Allen was energetic, warm and enthusiastic, if a little self-depreciating with her insistent apologies for smoking. Brits like popstars with vices though and since she stopped binge drinking and slimmed down to pin-up popstrel proportions, it's good to know Lil's still as down to earth as she ever was. She rattled through an extensive and accessible set, her shoop-shoop choruses and hooks giving even the part-time fans ample opportunity to join in, and bounded around the stage with a confidence and exuberance that was wonderful to watch.
Too often decried as another saccharine and insubstantial female vocalist, Lily Allen is the exception rather than the rule, with a pitch-perfect voice that is happy at both girlishly high octaves and at the low drawl of her mockney sing-speak, not to mention intelligent, witty and aphoristic lyrics, which remain easily decipherable even during a live show. The package makes for a happy audience, waiting to join in with their favourite riffs and the lines that make them laugh. Her fans also seem to take pleasure in the dichotomy between that sweet little voice and some of filth it spouts, as on "Fuck You", a sing-song anti-homophobic totem against George W Bush that the crowd reacted to as if it were "Kum Ba Yah".

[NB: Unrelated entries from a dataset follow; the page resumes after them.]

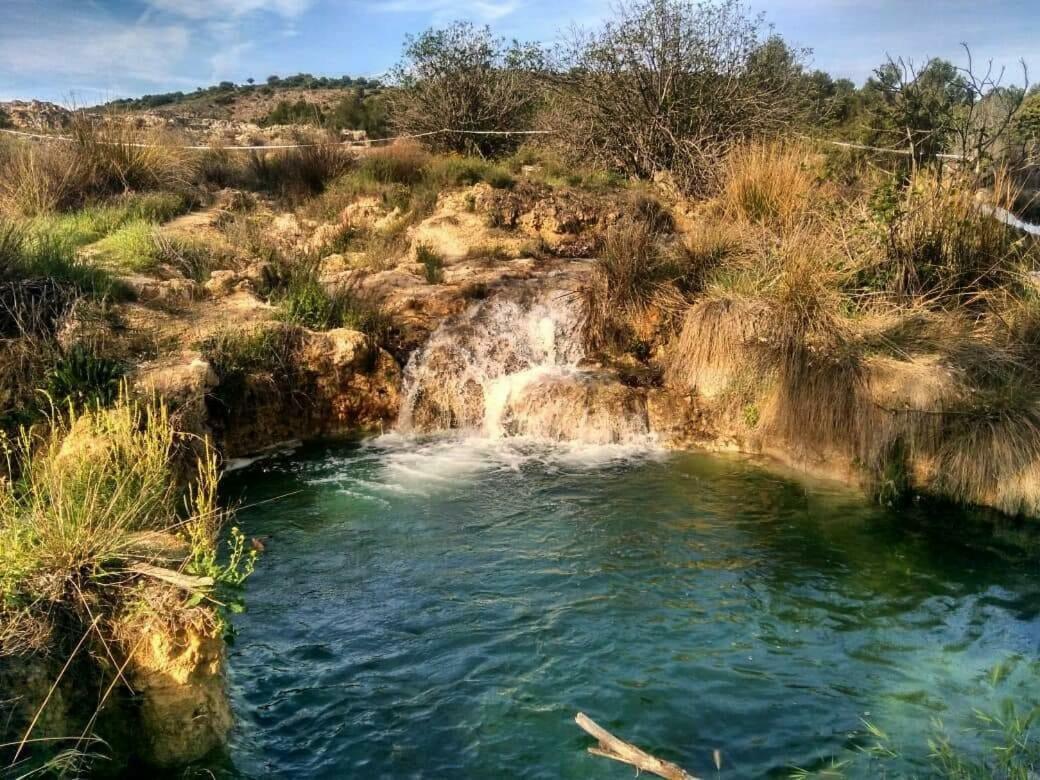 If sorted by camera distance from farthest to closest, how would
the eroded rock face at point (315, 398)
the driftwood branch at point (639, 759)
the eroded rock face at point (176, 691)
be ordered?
1. the eroded rock face at point (315, 398)
2. the eroded rock face at point (176, 691)
3. the driftwood branch at point (639, 759)

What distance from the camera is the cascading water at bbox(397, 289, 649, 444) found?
879 cm

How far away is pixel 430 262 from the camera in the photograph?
11.4 meters

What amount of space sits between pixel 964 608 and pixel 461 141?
43.2 ft

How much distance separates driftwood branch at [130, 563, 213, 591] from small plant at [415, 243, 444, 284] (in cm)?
759

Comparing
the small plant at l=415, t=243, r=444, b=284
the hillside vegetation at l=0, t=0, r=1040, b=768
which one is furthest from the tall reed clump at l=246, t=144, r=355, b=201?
the small plant at l=415, t=243, r=444, b=284

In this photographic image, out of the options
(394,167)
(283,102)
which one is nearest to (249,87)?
(283,102)

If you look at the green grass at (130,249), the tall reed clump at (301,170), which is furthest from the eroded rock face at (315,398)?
the tall reed clump at (301,170)

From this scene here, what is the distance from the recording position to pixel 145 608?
11.8ft

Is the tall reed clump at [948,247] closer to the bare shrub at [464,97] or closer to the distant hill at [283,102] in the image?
the bare shrub at [464,97]

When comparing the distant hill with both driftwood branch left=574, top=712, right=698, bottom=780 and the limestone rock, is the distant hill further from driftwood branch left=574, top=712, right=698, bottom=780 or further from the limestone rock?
driftwood branch left=574, top=712, right=698, bottom=780

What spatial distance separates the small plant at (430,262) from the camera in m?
11.0

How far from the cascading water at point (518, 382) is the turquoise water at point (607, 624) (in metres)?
1.02

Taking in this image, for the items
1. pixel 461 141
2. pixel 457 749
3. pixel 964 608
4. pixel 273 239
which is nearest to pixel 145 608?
pixel 457 749

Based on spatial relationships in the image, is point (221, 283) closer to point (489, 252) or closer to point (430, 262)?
point (430, 262) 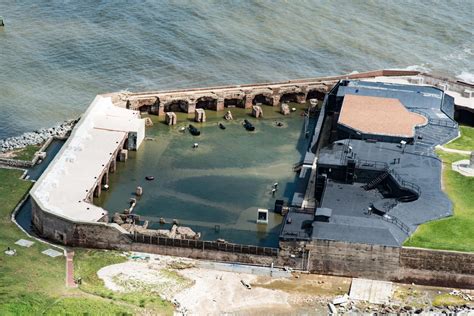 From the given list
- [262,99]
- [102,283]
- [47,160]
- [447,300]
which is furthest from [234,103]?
[447,300]

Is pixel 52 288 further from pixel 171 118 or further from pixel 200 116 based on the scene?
pixel 200 116

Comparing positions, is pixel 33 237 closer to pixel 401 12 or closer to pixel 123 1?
pixel 123 1

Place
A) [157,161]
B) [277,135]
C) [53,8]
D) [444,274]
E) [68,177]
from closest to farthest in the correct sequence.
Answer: [444,274], [68,177], [157,161], [277,135], [53,8]

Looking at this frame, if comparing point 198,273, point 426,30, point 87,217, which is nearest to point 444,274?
point 198,273

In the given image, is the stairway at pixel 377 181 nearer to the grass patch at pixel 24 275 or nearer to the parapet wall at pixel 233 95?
the grass patch at pixel 24 275

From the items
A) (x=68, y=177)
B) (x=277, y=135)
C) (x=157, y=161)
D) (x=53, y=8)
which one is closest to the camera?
(x=68, y=177)

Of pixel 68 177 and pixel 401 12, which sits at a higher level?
pixel 401 12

Allen included much from her second album It's Not Me, It's You, which was released earlier this year. It's an understandable decision, given it's over three years since her debut, but a slightly disappointing one, because it was that first record that people so loved her for, and its content was sharper, more inventive and less trite. Where her recent songs are full of social observations and some political ones, 2006's Alright, Still is an odyssey of London nightlife and youth culture, which is funnier and somehow less pretentious. Still, her audience were only to happy to sing along to what they knew, and Allen was conscientious in covering all of the numbers that the average pop-picker might recognise – her Mark Ronson-produced cover of the Kaiser Chiefs' "Oh My God", for instance, and her first hit "Smile", which the audience sang right back to her. Allen was in her element, flitting with ease between stately acoustic-jazz standards and frenetic, tongue-twisting tracks, whipping up an electronic storm with her reverb box and synths.
But there was a diffidence in her set towards its close. After a bassline-inspired remix of "The Fear", she tinkered with drum-and-bass effects, before segueing into a cover of Britney Spears' "Womanizer". This sort of novelty extra is fine for crowds at festivals who may not be familiar with an artist's back catalogue, but when you're playing to a crowd of your own fans, you don't need things like this; besides which, Allen has more than enough songs in her repertoire to keep an audience happy, most of which of which are better and more musically complex than any of Britney's.
Allen dedicated her last number, recent hit "It's Not Fair" (which tells the tale of a thoughtful boyfriend who is terrible in the sack), to the ladies in the crowd and, to their glee, reprised the chorus several times over. The arrangement was ingenious, spanning country and western to Nineties euphoric house, and showing that, not only does Lily Allen know her musical bread and butter, she is able to transcend genre, audience and generations. That, and the timeless vagaries of the female orgasm.